How should PRNT be used and at what time during infection?
  • PRNT and microneutralization PRNT can be used when a specific serologic diagnosis is required, for example in pregnant women or cases of clinical and epidemiologic importance.
  • PRNT is used in an attempt to confirm the infecting virus in a dengue or Zika virus IgM-positive specimen and can in some cases determine the infecting dengue virus serotype.
  • For residents living in areas with dengue and Zika virus circulation or for travelers with multiple long-term exposures, PRNTs may have less utility in differentiating flavivirus infections. In resource-limited countries, PRNTs may not be available. Clinicians should contact local health departments to find out the usefulness and availability of PRNT testing as a confirmatory test for IgM positive cases. For example, PRNT testing is not routinely performed in the US territory of Puerto Rico where dengue is endemic and Zika virus has circulated. However, strong consideration should be given to performing PRNT in symptomatic pregnant women with negative NAAT testing and positive IgM serology.  Another situation in which PRNT testing would not likely add value is in the context of a documented dengue outbreak in an area without evidence of concurrently circulating flaviviruses.
Specimen types
  • Serum, CSF
Interpretation of results
  • PRNT performed on a dengue IgM-positive specimen showing neutralizing antibodies to only one dengue virus serotype confirms infection with that serotype.
  • A seroconversion from a negative PRNT in an acute sample to a positive PRNT with antibodies to only one dengue virus serotype in a convalescent sample confirms a recent infection with that serotype.

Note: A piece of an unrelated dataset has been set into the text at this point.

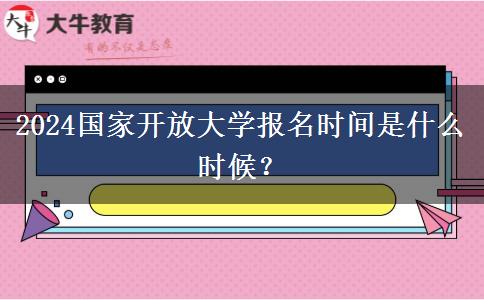 2024國家開放大學報名時間是什么時候？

  • A 4-fold rise in PRNT titers in paired acute and convalescent samples with antibodies to multiple dengue virus serotypes or other flaviviruses in the convalescent sample is classified as a recent flavivirus infection.
  • PRNT performed on a single dengue IgM-positive specimen may show neutralizing antibody titers for dengue, Zika, and other flaviviruses included in the test. These results are classified as recent flavivirus infection.
  • Cases may be re-classified as another flavivirus, such as Zika, according to PRNT results.
  • A negative PRNT result on a dengue IgM positive sample indicates a false positive result, indicating no evidence of infection.
  • A suspected case cannot be confirmed if there is no evidence of a flavivirus infection through PRNT.,.

PRNT is performed at CDC or a laboratory designated by CDC (i.e., a laboratory that has independently demonstrated proficiency to perform PRNT testing by completing a proficiency panel provided by CDC). Public health laboratories may refer IgM-positive specimens to CDC for PRNT to confirm positive, equivocal, or inconclusive IgM results.